Born into a family of classical musicians, Ms. Jansen sang in church from a young age, played Bach sonatas accompanied by her father at the harpsichord and witnessed rehearsals of early-music groups in her home. Leading figures of the historically informed performance scene in the Netherlands, such as Philippe Herreweghe, Ton Koopman and Frans Bruggen, were family friends. In the 1980s it was Baroque specialists like them who were some of the country’s biggest classical stars.
“It’s what I grew up with,” Ms. Jansen said. “It was never academic.” She added that she played with a Baroque-style bow and gut strings, but only briefly: “I want to be inspired by it, but I don’t think I have to play on a period instrument. The sound of course is very different, but more important is the breathing and the phrasing.”
Naturally, Ms. Jansen rose to stardom with something chamber-scale — a reduced-forces 2004 recording of Vivaldi’s “The Four Seasons” that managed to infuse the old chestnut with freshness and flair. It reached the top of the classical charts, but more remarkable for the time, digital downloads made up a substantial share of the sales, which even now is an unusual occurrence in her genre. In profiles Ms. Jansen was anointed “queen of the download.”
None of her subsequent recordings matched the Vivaldi for sales, but she was no fluke. A later recording of Bach concertos further cemented her reputation as an artist fully at home in the Baroque repertory, capable of combining the adventurous spirit of the early-music scene with a brilliant, often glamorous sound. Though she focuses on the core repertory of Romantic concertos, her interests run wide: She is well versed in 20th-century American chamber music, a passionate advocate for the unjustly overlooked Britten concerto and enthusiastic about the piece Mr. van der Aa wrote for her.

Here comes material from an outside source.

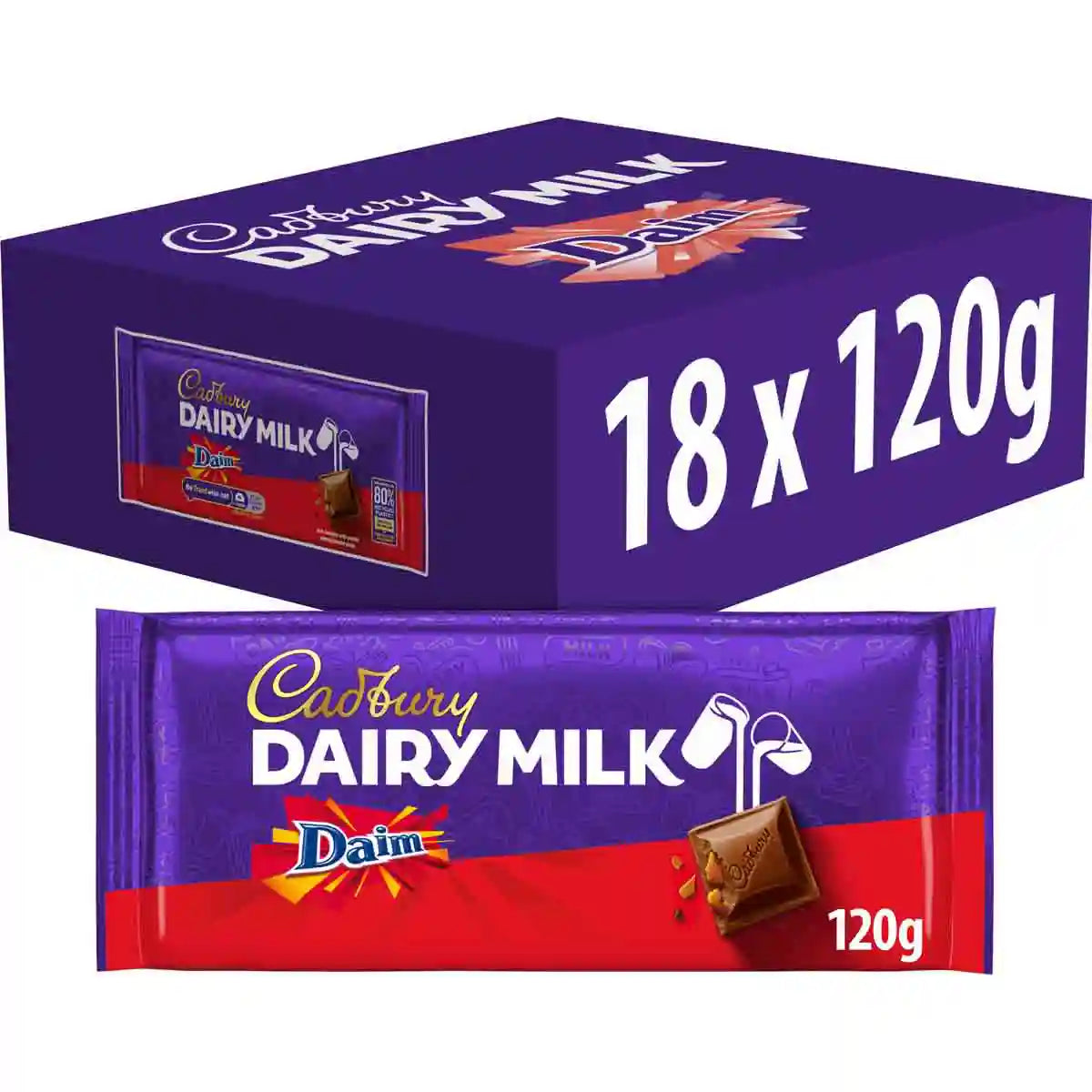 Cadbury Dairy Milk Chocolate Bar with Daim 120g (Box of 18)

She took a six-month break from concertizing in 2010, around the time “Janine” was released. Parts of that film show her frustrated and tense: At one point, recording Bach, she flings her bow to the ground in exasperation with her own playing. Above all, the footage conveys the impression of Ms. Jansen surrounded by people — nearly all of them men — trying to manage, market and cajole an artist of uncommon value, a major talent with fashion-model looks and girl-next-door likability. “You’re a man’s woman,” an editor declares in a meeting as he brainstorms ideas for a special edition of a Dutch women’s magazine devoted entirely to Ms. Jansen.
“I learned many different things,” Ms. Jansen said of her hiatus. “Definitely to pace myself and play a little bit less than I was doing. When one is young, everything is exciting; one goes with the flow. I learned to be more conscious of what I’m doing and what I feel comfortable with. That can be in the amount of concerts or it can be in contact with people, whether it’s organizers, managers, or nothing to do with music — just life. To be more clear and conscious.”
Clarity and consciousness are means to the end that is Ms. Jansen’s ultimate goal: a point in a performance when, as she put it, “it falls into place and you don’t feel anymore that you’re performing a concert.”
“The audience is a very big part of that,” she added. “When all the focus is on the music and everybody is drawn to this one moment. I don’t anymore feel like I’m a violinist, a performer; time really stands still. It’s not something you reach every time.”
In the midst of the Britten concerto earlier that afternoon, she said that she had felt something close to this out-of-body experience for just an instant, right after her cadenza.
“This moment where the orchestra takes over from me and I’m drained from the emotional playing before and I completely take in what’s happening,” she said. “I’ve become a listener. Completely. I’m suddenly an observer.”